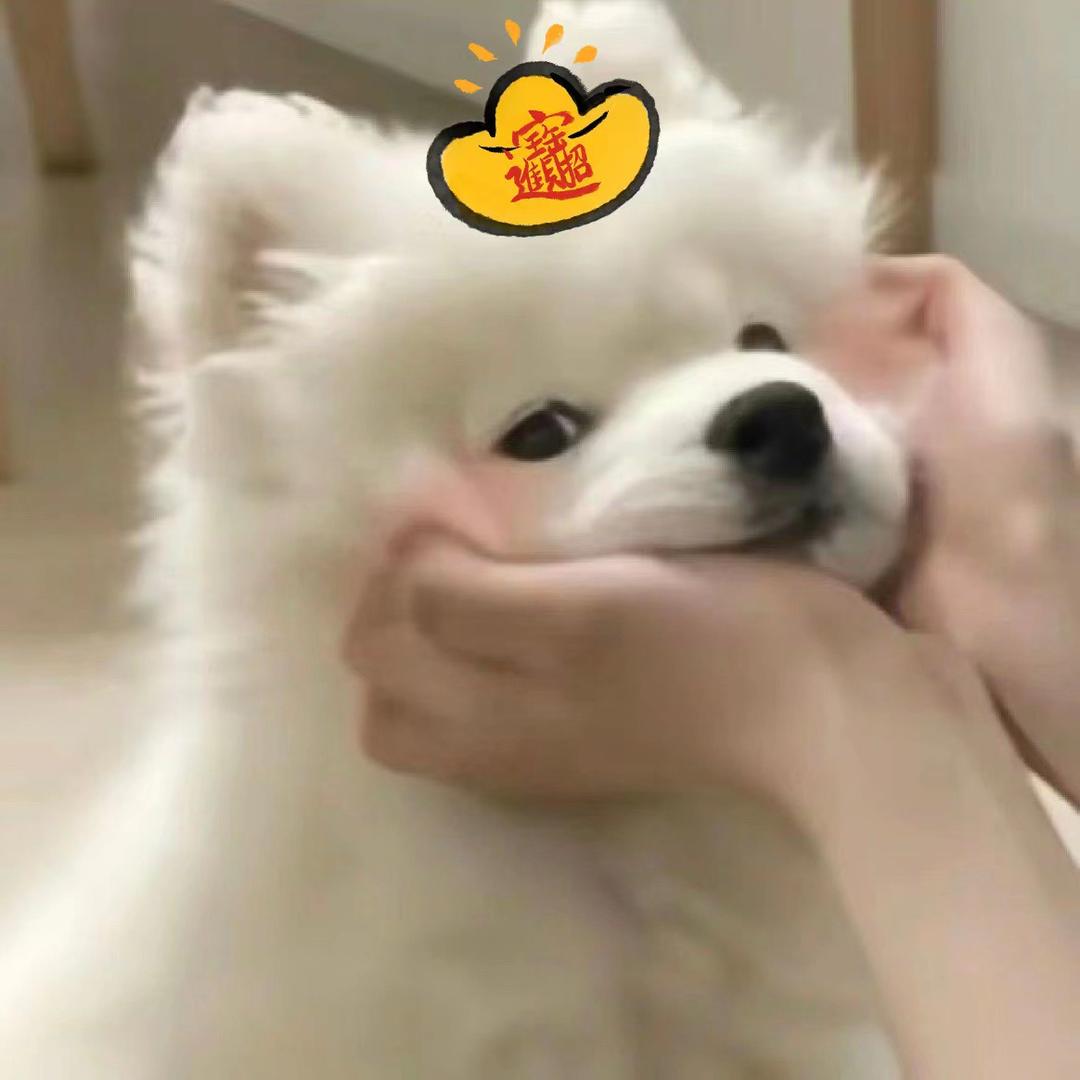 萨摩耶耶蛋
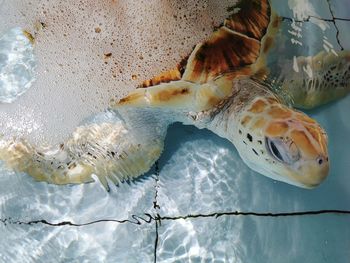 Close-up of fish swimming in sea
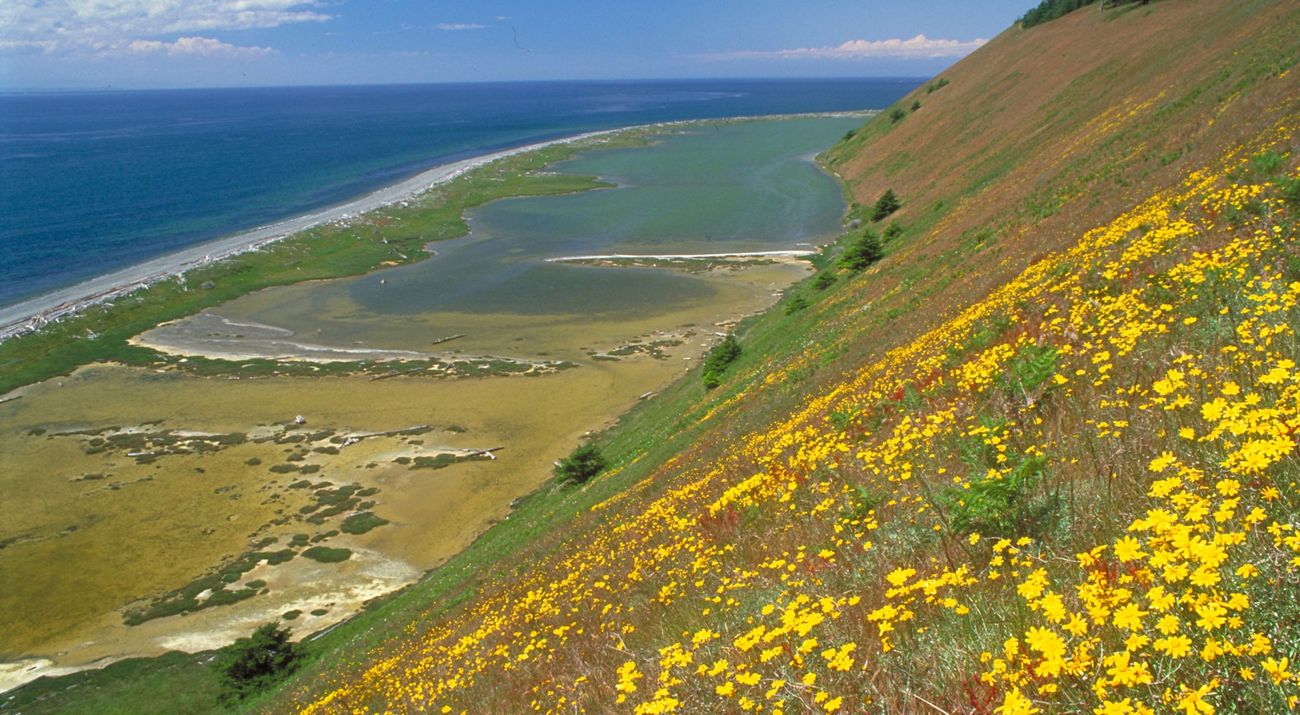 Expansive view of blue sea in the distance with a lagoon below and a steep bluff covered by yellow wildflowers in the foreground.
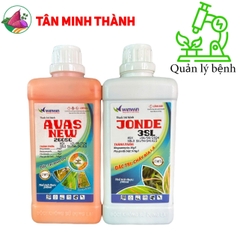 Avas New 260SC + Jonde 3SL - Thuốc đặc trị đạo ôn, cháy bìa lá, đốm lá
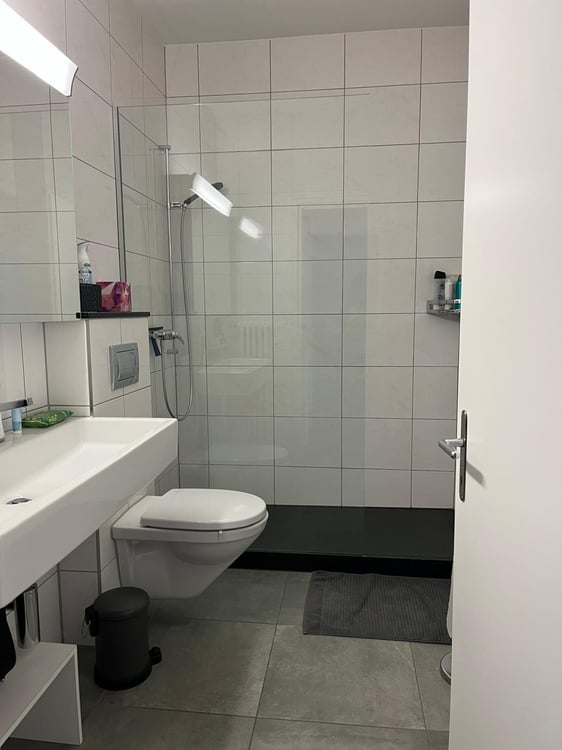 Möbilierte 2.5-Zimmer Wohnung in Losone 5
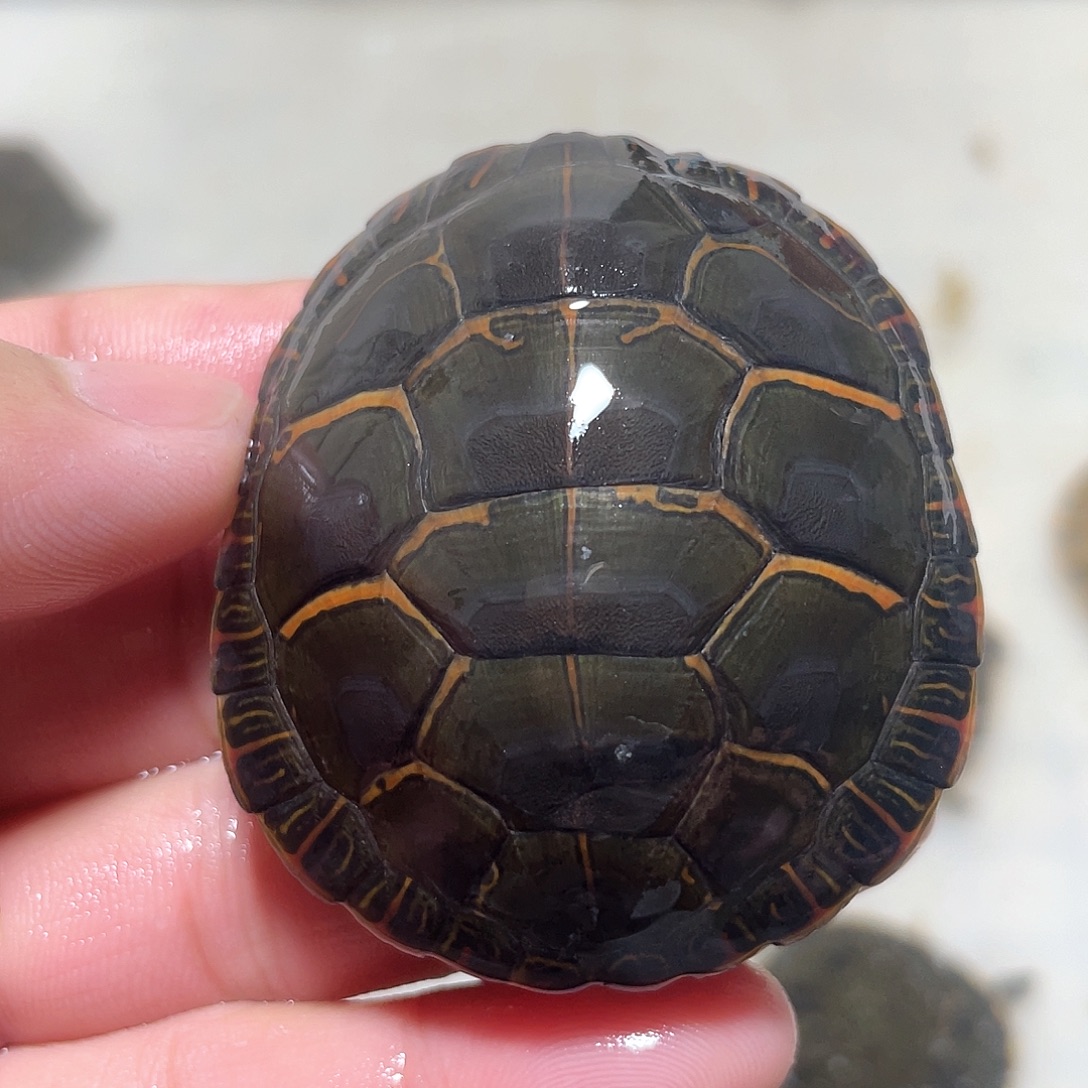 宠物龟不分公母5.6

• • • •

WHAT TO PRODUCE → From first line to last, return the records verbatim without their pictures.

ANSWER TO THE EXERCISE →
 萨摩耶耶蛋
 Close-up of fish swimming in sea
 Expansive view of blue sea in the distance with a lagoon below and a steep bluff covered by yellow wildflowers in the foreground.
 Avas New 260SC + Jonde 3SL - Thuốc đặc trị đạo ôn, cháy bìa lá, đốm lá
 Möbilierte 2.5-Zimmer Wohnung in Losone 5
 宠物龟不分公母5.6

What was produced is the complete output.